Local Hacker Discovers Card Edge Connectors

When [turingbirds] was looking around for the absolute minimum connector for a JTAG adapter, he wanted something small, that didn’t require expensive adapters, and that could easily and reliably connect a few JTAG pins to a programmer. This, unsurprisingly, is a problem that’s been solved many times over, but that doesn’t mean there isn’t room for improvement. [turingbirds] found his better solution by looking at some old card edge connectors.

Instead of 0.1″ pitch pin headers, weirder and more expensive connectors, the Tag Connect, or even pogo pins, [turingbirds] came up with a JTAG adapter that required no additional parts, had a small footprint, and could be constructed out of trash usually found behind any busy hackerspace or garage. The connector is based on the venerable PCI connector, chopped up with a Dremel and soldered to a JTAG or ISP programmer.

This is simply a card edge connector, something the younglings seem to have forgotten. Back in the day, card edge connectors were a great way to connect peripherals, ports, and anything else to the outside world. They were keyed, and you could only put them in one way. They were relatively cheap, and with a big coil of ribbon cable, you could make custom adapters easily. For low-speed connections that will only be used a few times, it’s very hard to beat a card edge connector.

Of course the connector itself is only half of the actual build. To turn a chopped up PCI connector into a JTAG adapter, [turingbirds] made footprint and part files for his favorite PCB design tool. In this case it’s Eagle, and the libraries that will plop one of these connectors down are available on GitHub.

Is this the latest and greatest way to plug a programmer into a board?
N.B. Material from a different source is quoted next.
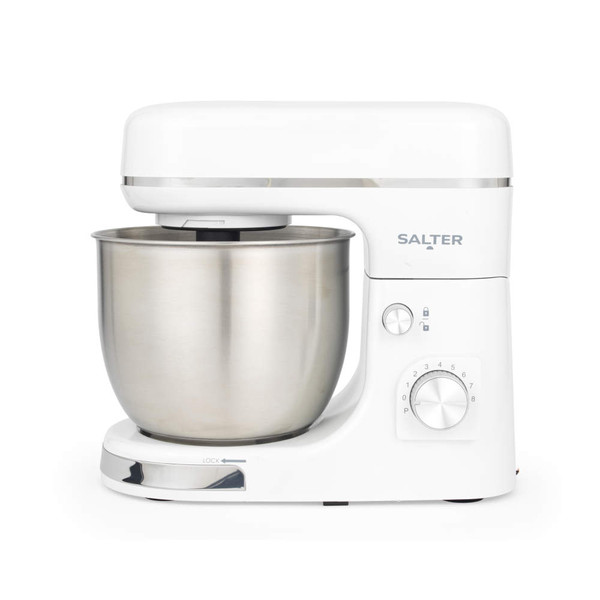 White stand mixer with stainless steel bowl, side view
No, because this has been around for 30 or 40 years. It does, however, put a programming port on a PCB with zero dollars in components, a minimum of board footprint, and uses parts that can be salvaged from any pile of old computers.

56 thoughts on “Local Hacker Discovers Card Edge Connectors

  1. Me gusta. I’ve been using a pogo pin footprint for a while now for AVR programming, but I can see how JTAG would do much better with a connector that stays on without being held in place.

      1. For mine, I only have the two center pads have holes. This saves a lot of space – you can route under a lot more of it on the other side, and I find that two holes are usually enough to position it well enough to program it.

        1. $35 is amazingly cheap for volume production! 100 mil pin headers are too darn big for modern stuff (card edge connectors aren’t an option either), and 50mil samtec headers (2×3 pins or bigger, FTSH or the like) are over $1 per board, in quantities of a few thousand. Tag connect saves that $1+ per board (times many thousand boards), plus the need to buy/ship/solder/rework/whatever the said connector. You save *everywhere*. It’s one less part to load in the pick and place, one less connector to mask for comformal coating, one less part part to worry about lead times or discontinuation, etc. It’s also smaller and it works better. There’s a good reason we use it, as do many other big players (I just noticed yesterday that TI uses it on launchpads)

    1. The TagConnect is such a crap product. I have received multiple bad ones and the one-man0business refuses to listen to his customers. Rude and just plain unhelpful. Blamed it on me even though I have 50+ TagConnects. I have banned them from my company now :-) This looks like a great alternative.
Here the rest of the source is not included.